En une succession de tableaux brefs et animés, Georges-Henri Morin
invite son lecteur à sillonner un pays où le temps semble s’être arrêté.
Le récit débute à Zurich puis se déplace à Belgrade et à Titograd
(l’ex-capitale du Monténégro) avant l’arrivée au poste frontière et
l’entrée sur le territoire albanais “où sont purifiés tous les
pneumatiques qui ont parcouru les sols étrangers et sont susceptibles
d’introduire la fièvre aphteuse”.
« Deux hommes se font face dans ce halo artificiel. La barrière
maintenant baissée raie leur verticalité. Le garde-frontière, un jeune
soldat tout engoncé dans son uniforme de type chinois, immobile,
mitraillette en mains, interpelle son supérieur. Il fixe au loin,
évitant le regard de l’officier. Première représentation pour moi d’une
pièce immuable, ordonnancée de manière strictement géométrique. »

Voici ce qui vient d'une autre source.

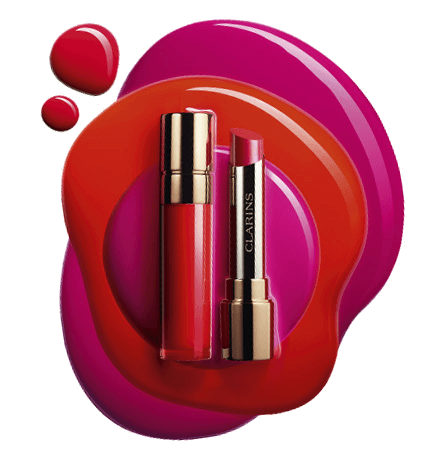 O primeiro verniz em stick Clarins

Au fil de son périple, l’auteur, qui essaie de saisir un peu de vie
concrète autour de lui, se rend assez vite compte de la difficulté qu’il
y aura à nouer ici de vrais contacts. Il lui faudra biaiser, éviter de
montrer trop de curiosité et lui préférer une approche volontairement
calme et distanciée. C’est en affichant cette apparente nonchalance,
celle du voyageur qui ne se formalise pas plus de la présence constante
de la Fiat blanche de la Sigurimi (la direction de la sécurité de
l’état) devant ou derrière son propre véhicule que des dos courbés des
prisonniers au travail dans les champs, qu’il peut espérer toucher la
réalité d’un pays où autorité, peur et paranoïa restent étroitement
liées.
Il relate, à travers ses carnets, et avec parcimonie, sans jamais
forcer le trait, des scènes ou des rencontres qui permettent de
judicieux retours sur la société albanaise en 1987, autrement dit à un
moment très particulier de son histoire, deux ans après la mort d’Enver
Hoxha et quatre ans avant la chute du communisme. La vie à Tirana, telle
qu’il la perçoit dès son arrivée, paraît lente et mécanique, dictée par
les impératifs du quotidien et l’omniprésence de la police.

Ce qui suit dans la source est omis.